Marc Tucker Digs Up New Rationale for Public School "Unbuilding"

Marc Tucker is at it again, with a newly-excavated rationale for blowing up public schools and universities.  

My reaction:

Tucker continues to weave a narrative that entirely ignores the systematic formation in the early 20th Century of a racist and classist education system that reflected the prejudices of social efficiency zealots, who threw open the doors to the new education factories they built for exploitation by succeeding generations of snake oil salesmen with a never-ending supply of fake remedies for manufactured problems.
The learning "crisis" of American schools in the 1970s grew from an unacknowledged fear of racial integration and social progress. The rise of testing accountability, which was based on the same racist testing technologies from the eugenics era earlier in the 20th Century, functioned to efficiently label, sort, and segregate students, and to further incentivize the monetization of public education by what has since become the testing-technological complex.
Mr.
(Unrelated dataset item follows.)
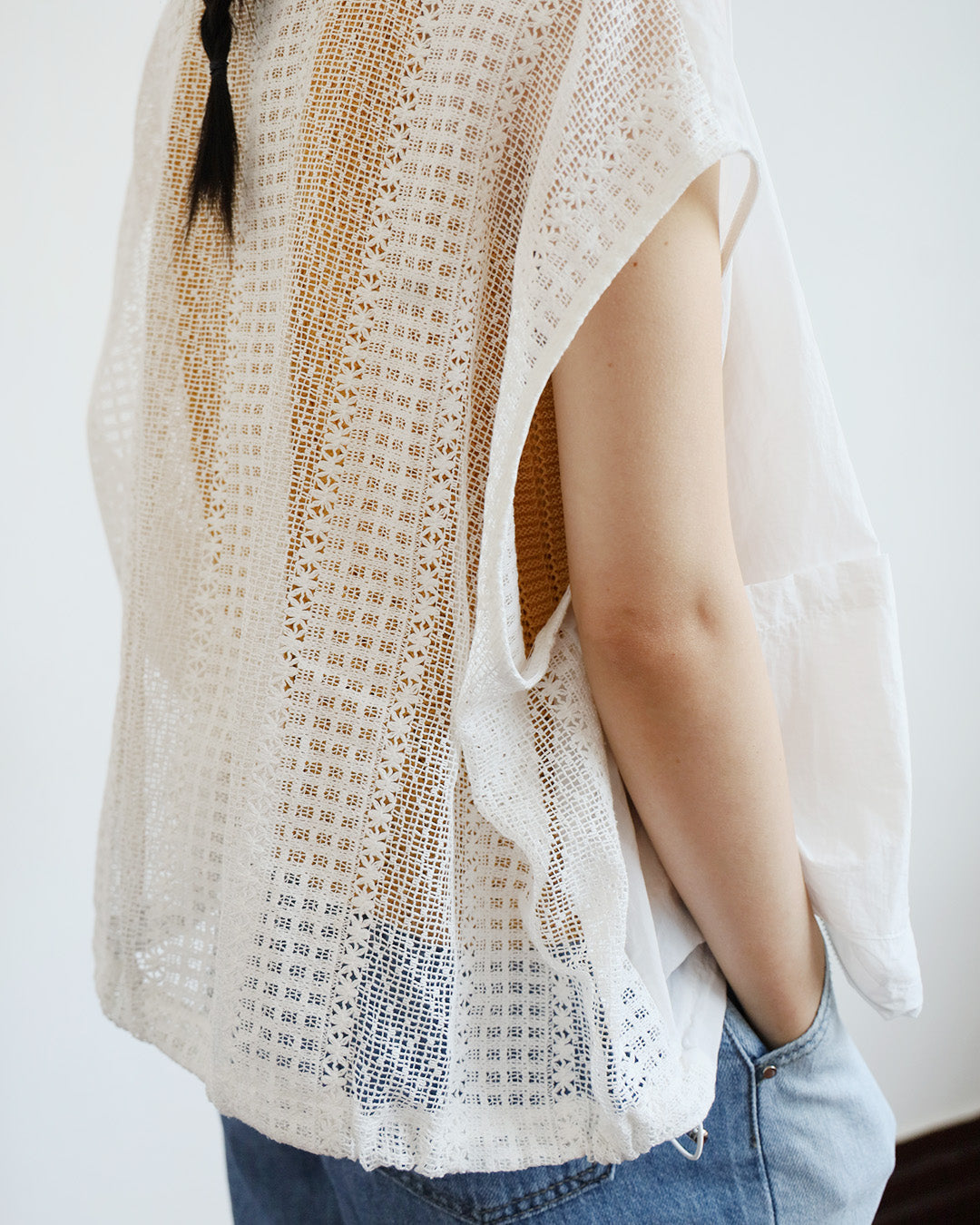 Lace Back Zip-Up Vest (3 Colors)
Tucker's half-baked history lesson and his blinkered rationalizations would clear the way for another generation of capitalist plunderers who know nothing about schooling, learning, or teaching, this time centered in Silicon Valley and backed by another generation venture philanthropists with self-serving solutions. With new schemes in the making for increased monitoring, surveillance, data sharing, neurological reprogramming (SEL), and increased screen time isolation, the paternalist threat to humane learning environments and democratic institutions has never been greater, and the opportunities for social capital investment predators has never been higher.
There is nothing new in Mr. Tucker's tired tirade that we haven't heard before. His suggestion to allow a new generation of "scientific" managers to "unbuild" public schools and public universities expresses an antiquarian faith in the ingenuity of capitalist enterprise in education that is as undeserved as it is irresponsible.

1 comment:

  1. Reading that Marc Tucker has risen again is rather like hearing that Gabby Hayes is making a new movie.